Prompt: All lines from the one containing "Mẫu nhãn hiệu" through the final line of the entries are to be written out verbatim; no other line is to be included.
Data for analysis START
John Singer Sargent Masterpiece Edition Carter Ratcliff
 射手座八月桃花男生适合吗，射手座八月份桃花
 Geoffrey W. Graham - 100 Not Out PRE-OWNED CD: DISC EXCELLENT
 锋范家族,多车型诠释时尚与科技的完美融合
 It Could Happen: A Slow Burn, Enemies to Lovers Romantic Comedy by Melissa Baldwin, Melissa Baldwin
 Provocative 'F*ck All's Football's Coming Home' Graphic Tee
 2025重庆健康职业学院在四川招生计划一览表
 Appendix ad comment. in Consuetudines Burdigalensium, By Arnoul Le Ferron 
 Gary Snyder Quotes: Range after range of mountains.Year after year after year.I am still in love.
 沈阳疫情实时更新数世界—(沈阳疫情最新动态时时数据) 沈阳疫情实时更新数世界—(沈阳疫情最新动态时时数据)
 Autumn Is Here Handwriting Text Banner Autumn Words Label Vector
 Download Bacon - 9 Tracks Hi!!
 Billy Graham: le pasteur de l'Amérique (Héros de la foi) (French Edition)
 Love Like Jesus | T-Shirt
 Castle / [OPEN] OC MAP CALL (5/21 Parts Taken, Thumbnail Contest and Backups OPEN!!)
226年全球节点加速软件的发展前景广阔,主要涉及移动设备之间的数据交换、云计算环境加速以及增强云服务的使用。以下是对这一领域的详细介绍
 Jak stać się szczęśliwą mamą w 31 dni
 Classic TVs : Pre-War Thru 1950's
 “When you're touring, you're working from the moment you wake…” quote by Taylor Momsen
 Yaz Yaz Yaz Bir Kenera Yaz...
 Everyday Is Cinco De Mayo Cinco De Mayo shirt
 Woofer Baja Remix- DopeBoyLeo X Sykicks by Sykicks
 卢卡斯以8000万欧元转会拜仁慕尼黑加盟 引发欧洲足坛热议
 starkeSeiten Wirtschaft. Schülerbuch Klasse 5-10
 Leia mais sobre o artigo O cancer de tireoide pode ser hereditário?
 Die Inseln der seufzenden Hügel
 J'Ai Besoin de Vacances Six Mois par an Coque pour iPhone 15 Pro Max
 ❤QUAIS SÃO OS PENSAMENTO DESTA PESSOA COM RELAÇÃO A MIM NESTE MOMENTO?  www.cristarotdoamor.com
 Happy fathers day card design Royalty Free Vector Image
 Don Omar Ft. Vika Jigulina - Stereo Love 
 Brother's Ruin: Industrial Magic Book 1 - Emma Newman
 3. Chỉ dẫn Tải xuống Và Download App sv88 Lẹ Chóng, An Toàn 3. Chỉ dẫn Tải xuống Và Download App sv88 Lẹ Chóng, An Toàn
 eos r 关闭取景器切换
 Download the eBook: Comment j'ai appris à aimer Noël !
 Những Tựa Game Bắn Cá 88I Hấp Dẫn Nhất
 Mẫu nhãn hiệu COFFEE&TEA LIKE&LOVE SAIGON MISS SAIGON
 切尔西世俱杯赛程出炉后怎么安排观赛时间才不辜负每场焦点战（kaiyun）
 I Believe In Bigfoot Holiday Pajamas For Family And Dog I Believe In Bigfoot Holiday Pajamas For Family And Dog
Data for analysis END
Your solution:
 Mẫu nhãn hiệu COFFEE&TEA LIKE&LOVE SAIGON MISS SAIGON
 切尔西世俱杯赛程出炉后怎么安排观赛时间才不辜负每场焦点战（kaiyun）
 I Believe In Bigfoot Holiday Pajamas For Family And Dog I Believe In Bigfoot Holiday Pajamas For Family And Dog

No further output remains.